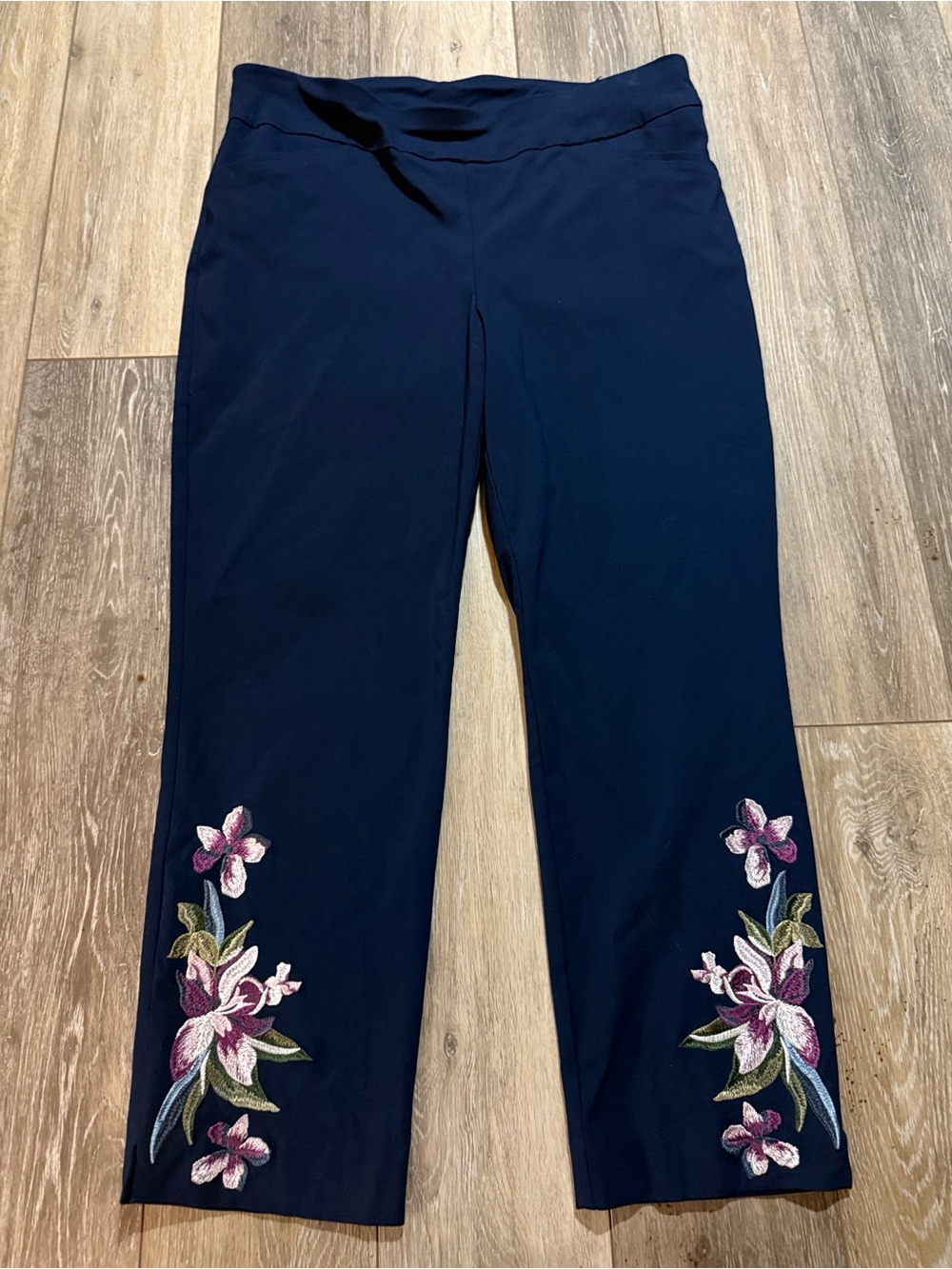 Chicos perfectly slimming navy blue cropped ankle dress pants embroidered sz 3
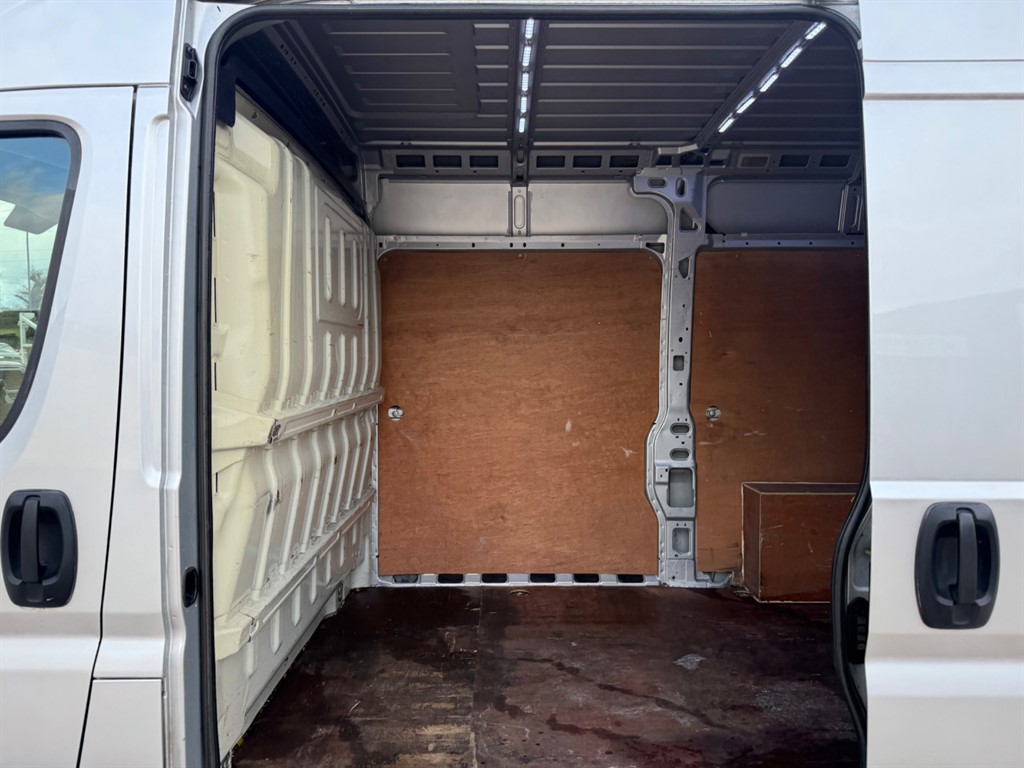 Used Peugeot Boxer 2017 for sale - 77442944: Photo 4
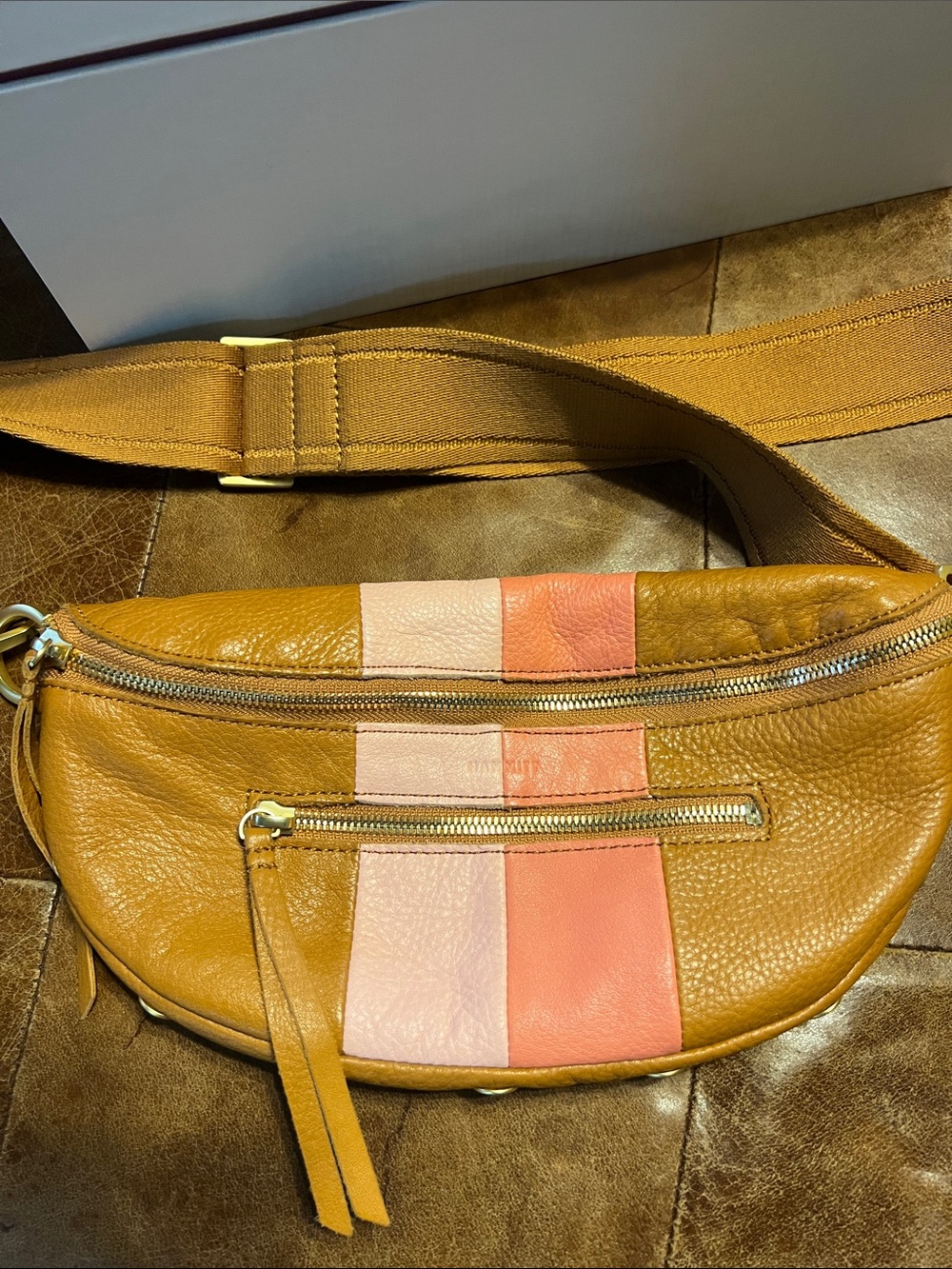 Hammett Charles crossbody med artist tape bag - Picture 2 of 8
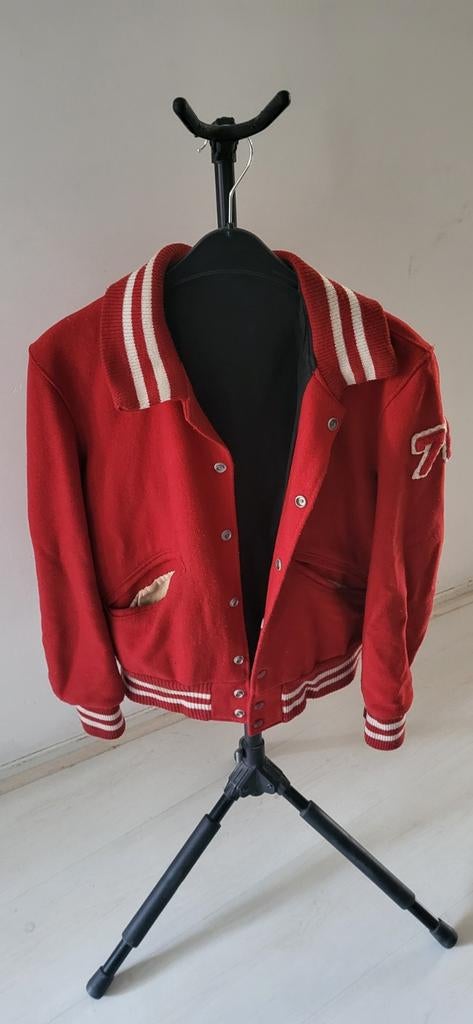 Vintage Rode varsity jacket met witte strepen, Kleding | Heren, Ophalen of Verzenden, Zo goed als nieuw, Rood
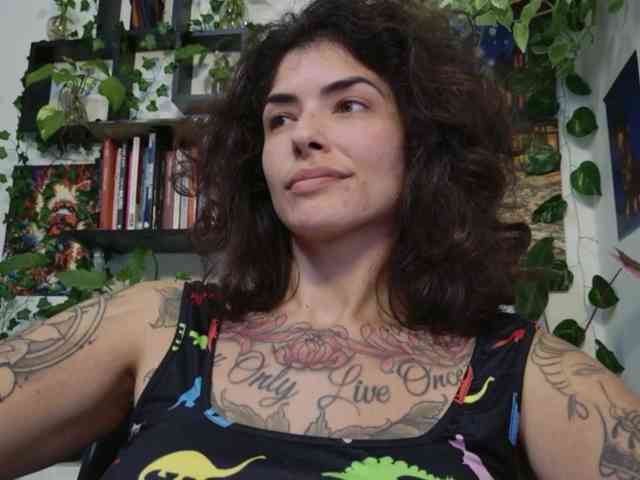 talimajesty webcam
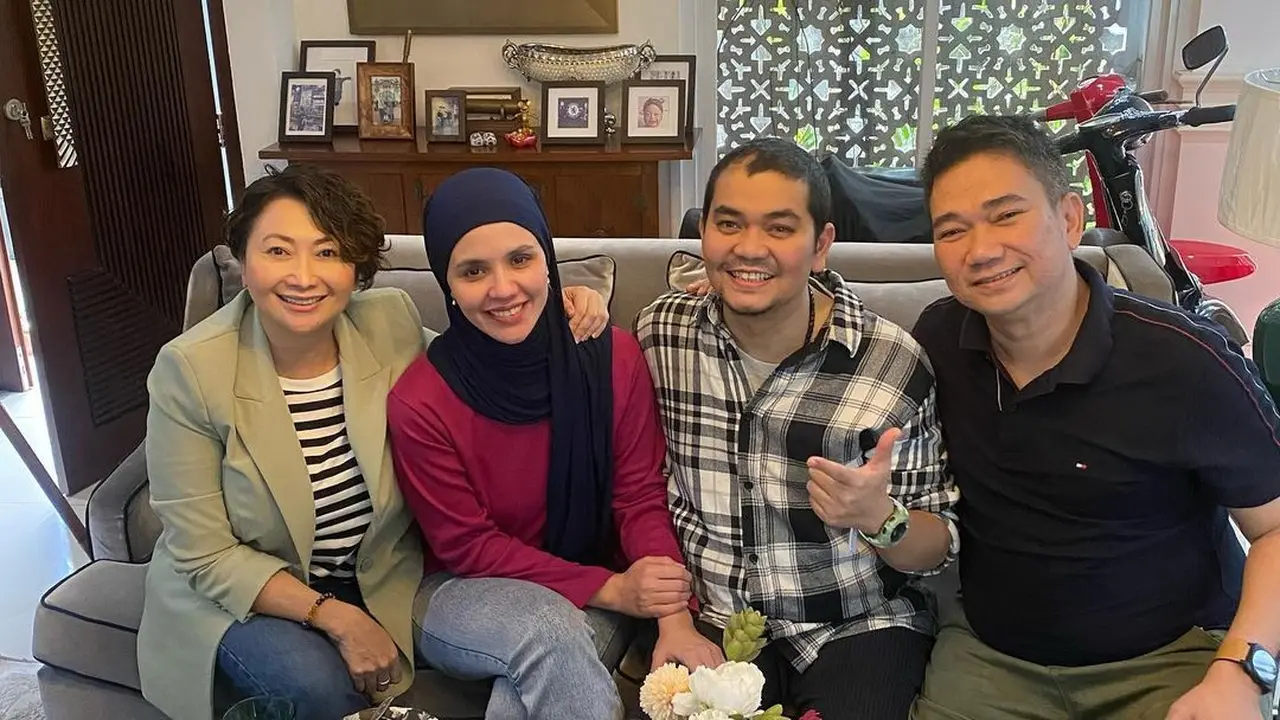 Indra Bekti dan Aldila Jelita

* **EXERCISE PROMPT**: Starting at the line that contains "Used Peugeot Boxer", restate each line verbatim through the final line of the listing, skipping all pictures.

* **YOUR RESPONSE**:
 Used Peugeot Boxer 2017 for sale - 77442944: Photo 4
 Hammett Charles crossbody med artist tape bag - Picture 2 of 8
 Vintage Rode varsity jacket met witte strepen, Kleding | Heren, Ophalen of Verzenden, Zo goed als nieuw, Rood
 talimajesty webcam
 Indra Bekti dan Aldila Jelita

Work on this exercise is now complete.